→ **About this task**: With the line containing "Photo gallery principale" as the start and the line containing "Tuinders die zaken" as the end, transcribe that span of the entries below exactly, including both.

→ **Task material**:
****************************************

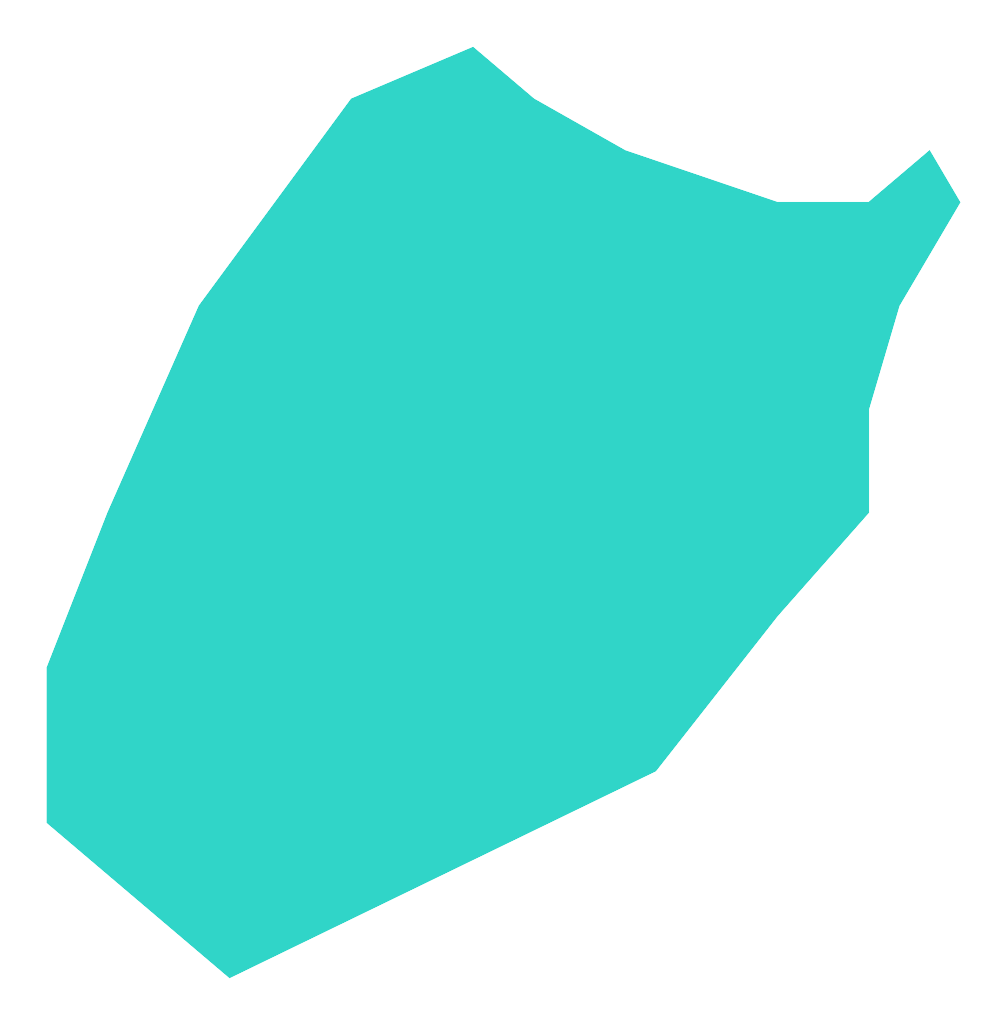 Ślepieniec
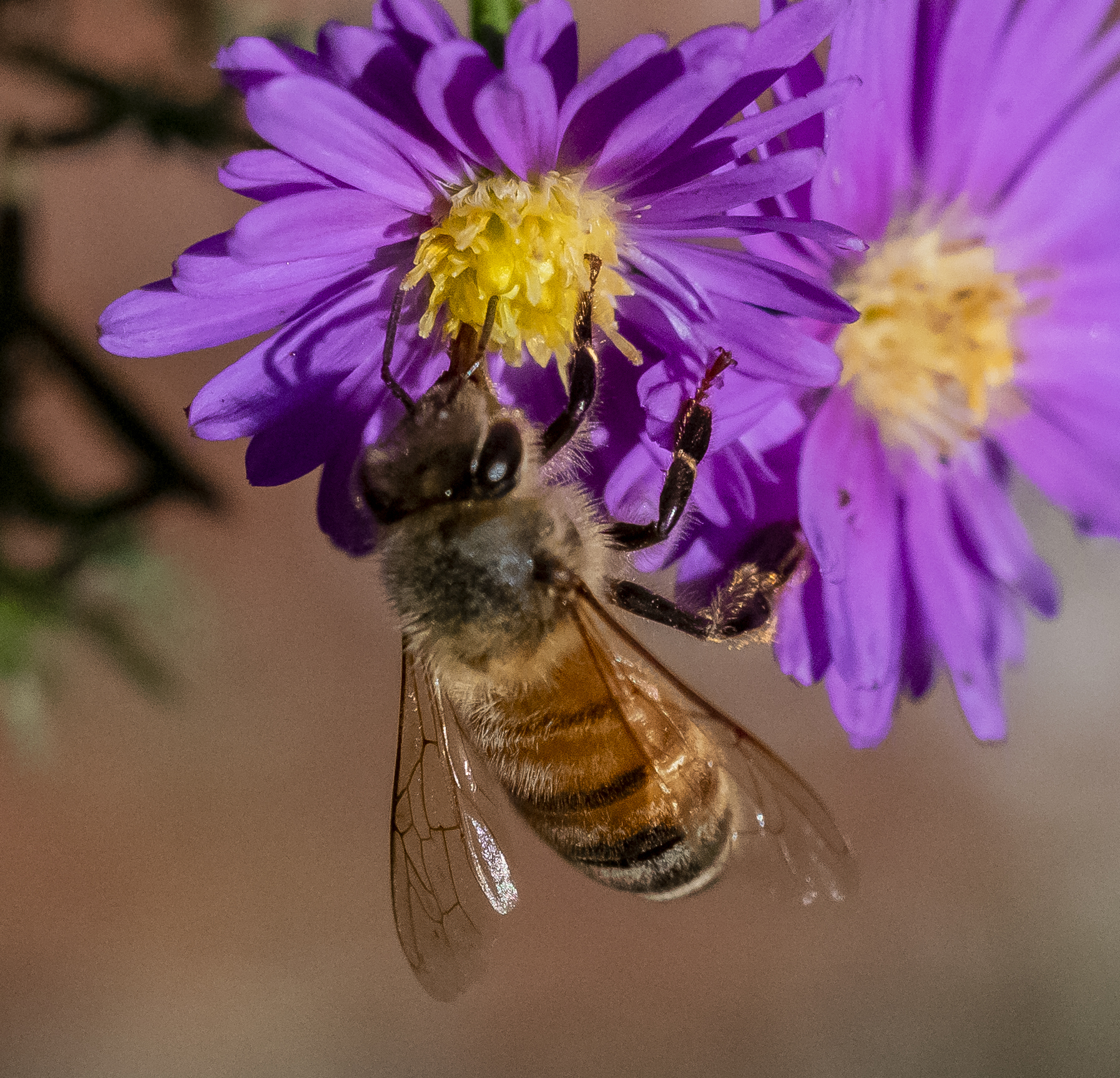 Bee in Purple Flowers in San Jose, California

****************************************

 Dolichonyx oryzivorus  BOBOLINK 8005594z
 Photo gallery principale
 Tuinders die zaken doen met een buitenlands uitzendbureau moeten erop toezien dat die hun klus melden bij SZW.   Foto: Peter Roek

****************************************

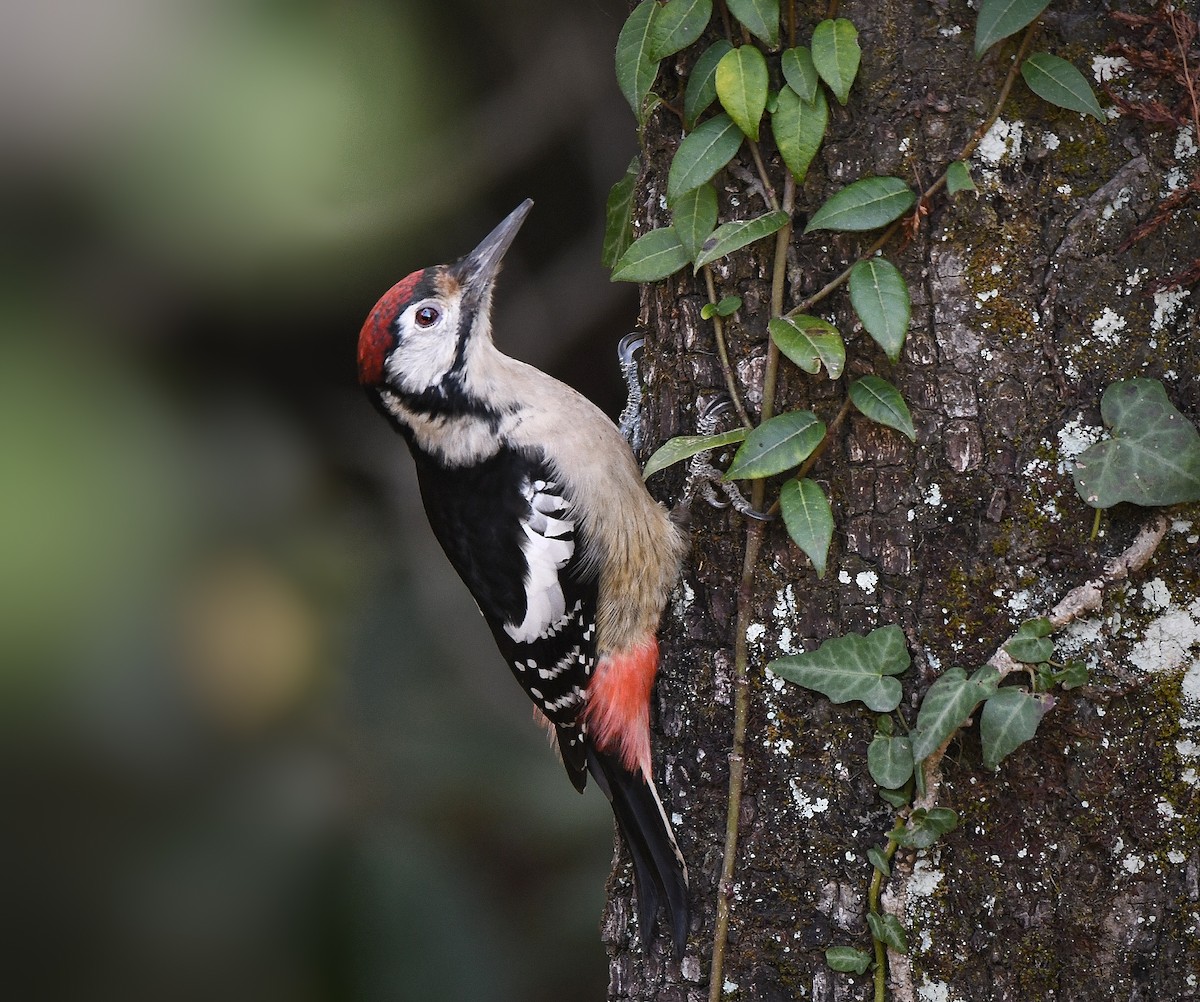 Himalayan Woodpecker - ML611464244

****************************************

→ **Exercise answer**:
 Photo gallery principale
 Tuinders die zaken doen met een buitenlands uitzendbureau moeten erop toezien dat die hun klus melden bij SZW.   Foto: Peter Roek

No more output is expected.